June 25, 2025 – The State Bar of Wisconsin’s Annual Meeting & Conference last Thursday and Friday in Madison offered a day and a half of CLE programs and featured panels that gave practical advice and cutting-edge legal knowledge to the nearly 400 lawyers, judges, speakers and vendors in attendance. If you missed it, here are a few interesting insights.
Collaborative AGs
In reviewing about a dozen cases in which Wisconsin has joined other states in litigation against the federal government, Attorney General Josh Kaul described the characteristics and strengths of “a flavor of multistate litigation.”

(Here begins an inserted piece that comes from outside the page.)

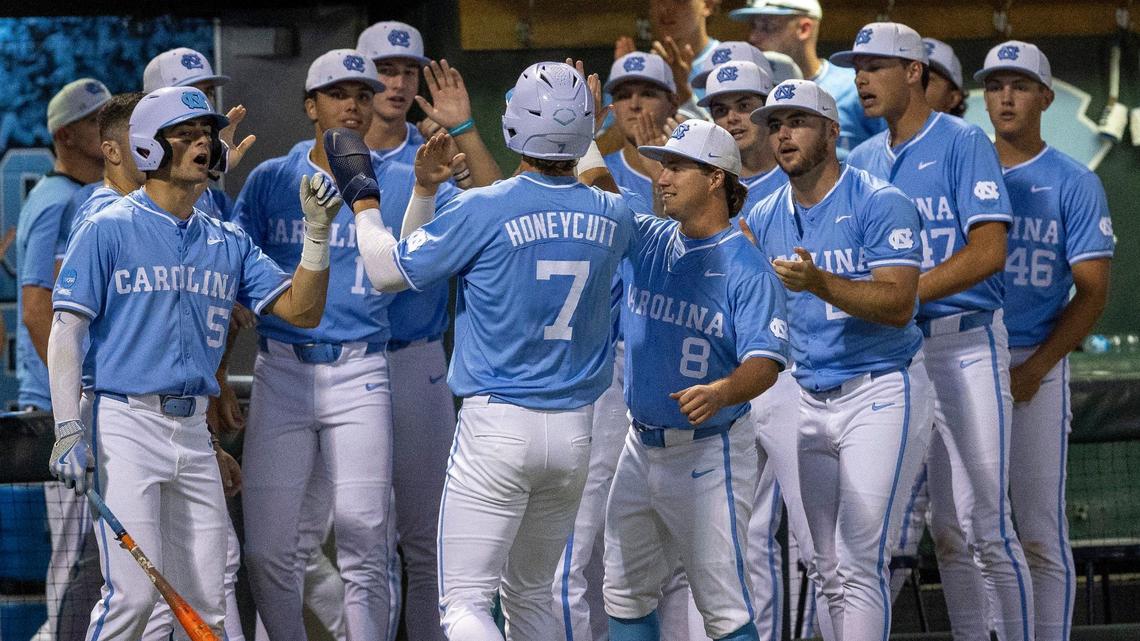 North Carolina’s Vance Honeycutt (7) greeted by his teammates after scoring on an RBI by Parks Harber to take a 2-0 lead in the third inning against West Virginia during the NCAA Super Regional on Saturday, June 8, 2024 at Boshamer Stadium in Chapel Hill, N.C.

Kaul focused his discussion on lawsuits involving the federal government, in contrast to, for example, “more routine cases,” such as multistate consumer protection cases against a company.
For the Attorney General’s office to decide to join a case in multistate litigation, at minimum, Kaul said, the “policy harms Wisconsinites” – for which there may be disparate opinions – and “a strong legal basis for a challenge.”
T.R. Williams (center), pictured here with her parents, received the State Bar Diversity & Inclusion Trailblazer Award, at the Member Recognition Celebration on Thursday evening. For more photos of the event,
see the album on the State Bar's Facebook page.
“What these are, essentially, are cases where there’s an impact on more than one state,” Kaul explained. “It’s usually a nationwide impact, and states will work together to pool resources and collaborate and that can take place in a number of contexts.”
Nationwide collaboration has special benefits, Kaul said, especially in the current challenges. “The executive branch has been rapidly making changes, very rapidly and often without a lot of communication,” unlike the more predictable pattern in promulgating an administrative rule.
“There is a lot of change happening rapidly in a way where gathering facts and just trying to figure out what is happening around the country and with policy changes is itself an important task,” Kaul said. “That is one of the benefits to having multiple states working together is we have folks who are getting information from people that they work with in states around the country.”
Daniel Kelly, the former Wisconsin Supreme Court justice (second from left), speaks during the closing plenary. With him, from left, are moderator James Goldschmidt, Prof. James Speta, and Judge Shelley Gaylord (retired).
The End of Deference?
A panel of jurists and professors closed the AMC with challenging opinions about the shift in judicial deference to administrative agency determinations of law seen first in Wisconsin in
Tetra Tech EC, Inc v. Wisconsin Department of Revenue,
2018 WI 75, and in the newer
Loper Bright Enterprises v. Raimondo,
603 U.S. 369 (2024).
Although both cases overturned longstanding practices of administrative deference, they did so for different reasons. The federal change came under a reading of the Administrative Procedure Act.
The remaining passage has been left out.